The matcher currently fails because of two reasons:
- FP intrinsics are too rigidly sequenced due to the way their chains are constructed
- The chain output confuses a hasOneUse check in the matcher
As to 1), SelectionDAGBuilder::visitConstrainedFPIntrinsic currently treats each constrained intrinsic like a global barrier (e.g. a function call) and fully serializes all pending chains. This is actually not required; it is allowed for constrained intrinsics to be reordered w.r.t one another or (nonvolatile) memory accesses. The MI-level scheduler already allows for that flexibility, so it makes sense to allow it at the DAG level as well.
This patch therefore changes the way chains for constrained intrisincs are created, and handles them basically like load operations are handled. This has the effect that constrained intrinsics are no longer serialized against one another or (nonvolatile) loads. They are still serialized against stores, but that seems hard to change with the current DAG chain setup, and it also doesn't seem to be a big problem preventing DAG optimizations.
As to 2), even with the above change, I still was unable to match more that two linked DAG nodes in a single pattern (e.g. load -> extend -> multiply). This is because the OPC_CheckFoldableChainNode check requires that each of the intermediate nodes ("extend" in the above example) only has a single use. This check fails for strict operations as the chain output of the extend indeed has another use. However, we don't really need to consider chains here at all, since they will all be rewritten anyway by UpdateChains later. Other parts of the matcher therefore already ignore chains, but this hasOneUse check doesn't.

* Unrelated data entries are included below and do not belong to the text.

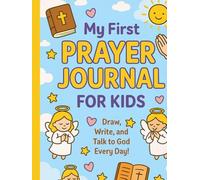 My First Prayer Journal For Kids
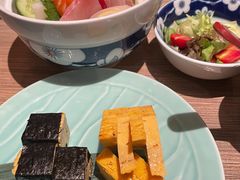 三色鱼生饭-小山日本料理(太古汇店)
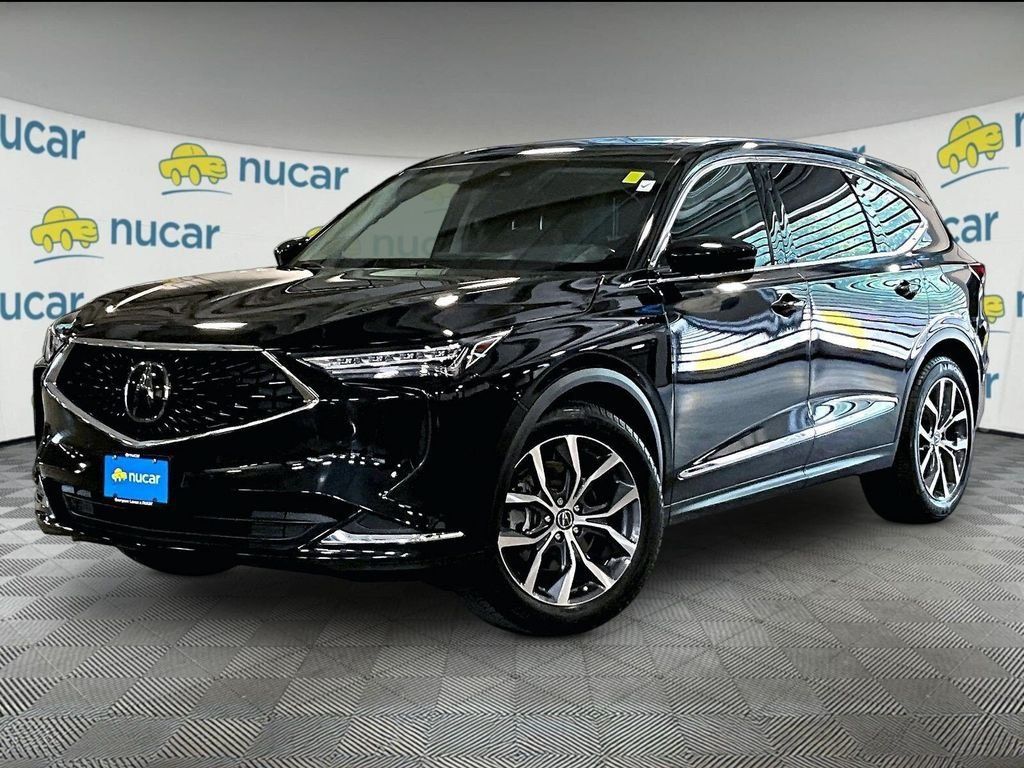 Used 2023 Acura MDX w/ Technology Package AWD/4WD image 3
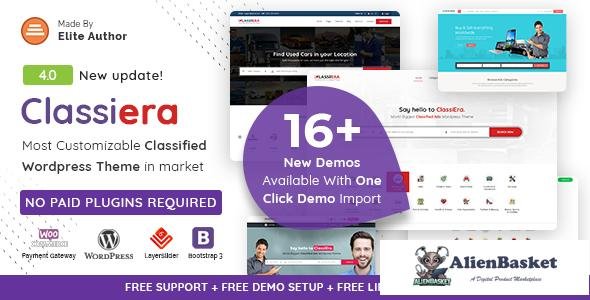 31991 Classiera v4.0.22 - Classified Ads WordPress Theme 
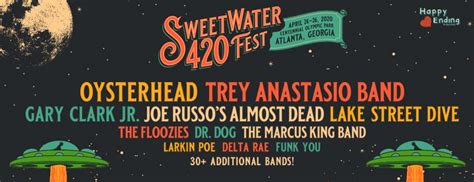 Sweetwater 420 Fest Adds Gary Clark Jr Joe Russos Almost Dead Lake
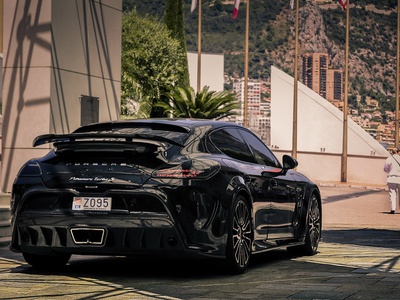 Panamera Turbo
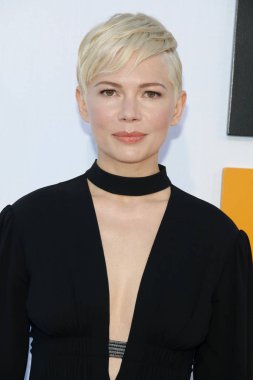 aktris Michelle Williams 'I çok hissediyorum' Los Angeles galasında Regency Köyü tiyatro Westwood, ABD 17 Nisan 2018 düzenlenen.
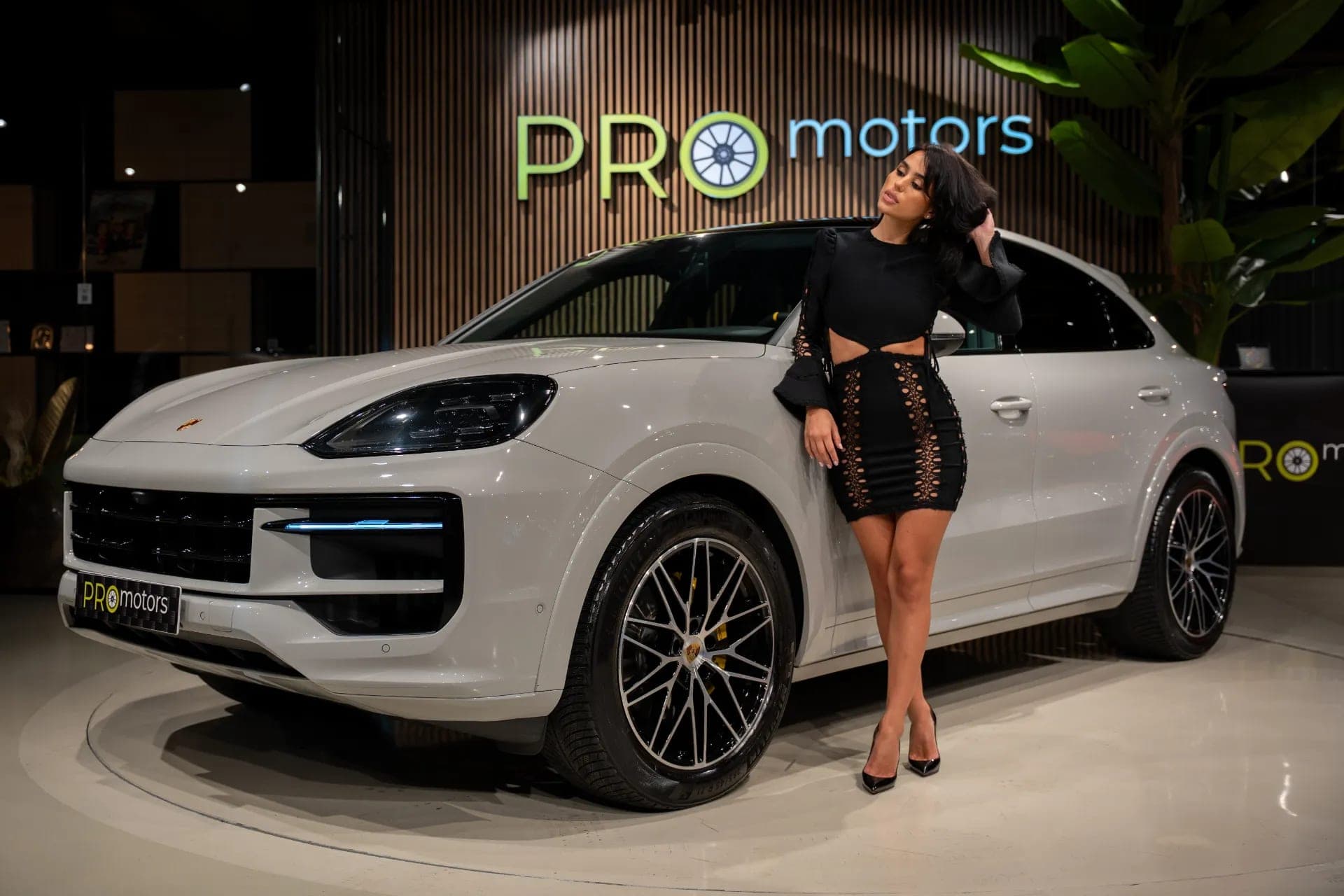 Porsche Cayenne Coupe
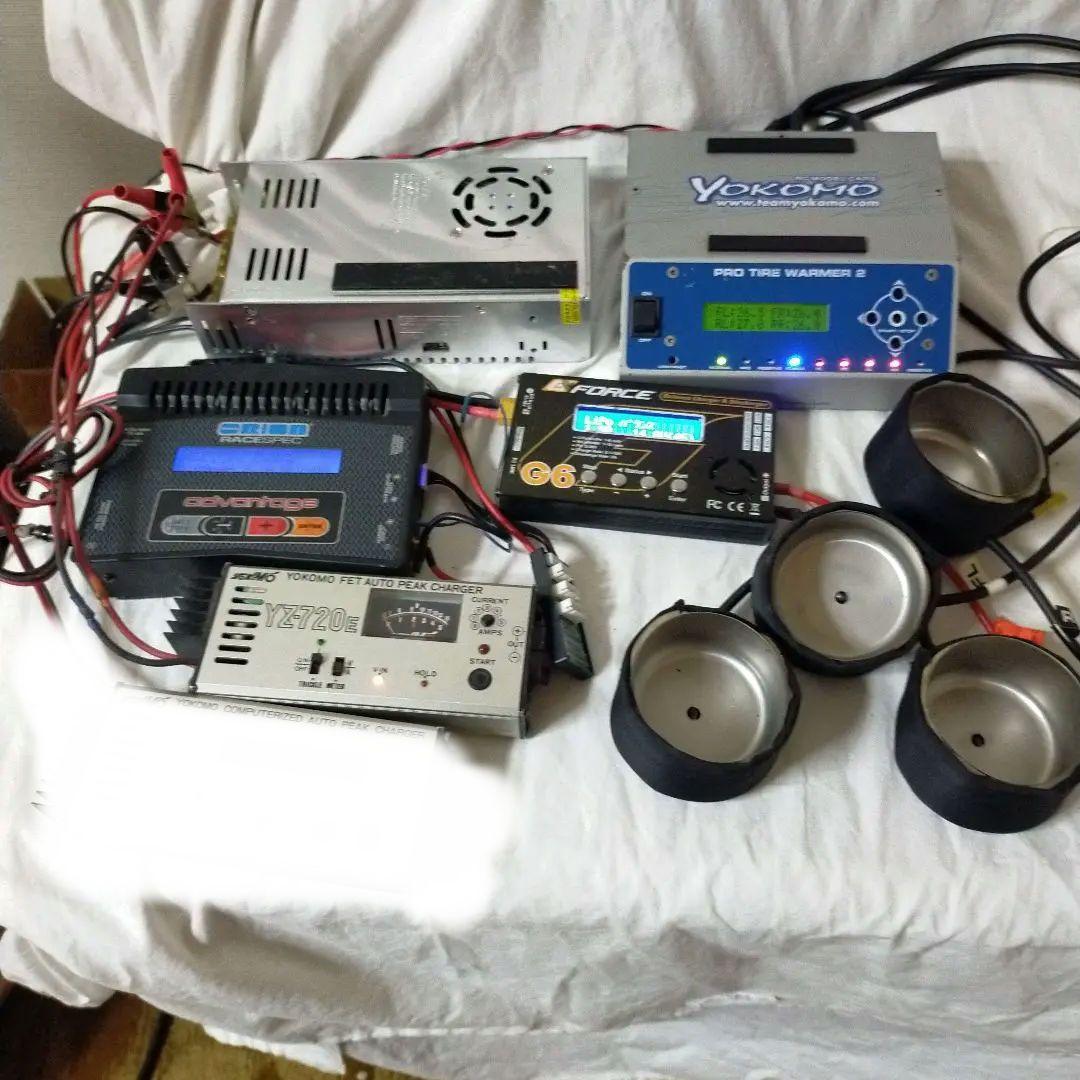 古いラジコン充電器タイヤウォーマー タイヤウォーマーは簡単に使えないよ | 柴ちゃんのブログ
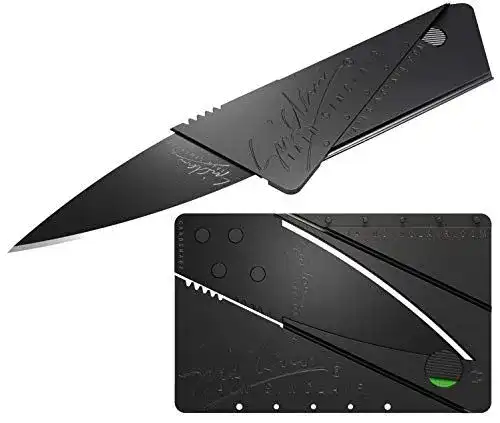 Kreditkartenmesser Cardsharp 2 von Iain Sinclair in Schwarz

This patch replaces hasOneUse by a custom test that verifies there is no more than one use of any non-chain output value.
With those two changes (and a few SystemZ backend updates), I am able to match all remaining versions of the extended-multiply instruction against constrained intrinsics. This also fixes the last remaining set of test cases that were mixing strict and nonstrict operations in a single function.
The OPC_CheckFoldableChainNode change might theoretically affect code unrelated to strict FP nodes, but at least on SystemZ I could not find any single instance of that happening.
Can we break this loop when NonChainUses is greater than 1? No need to keep scanning.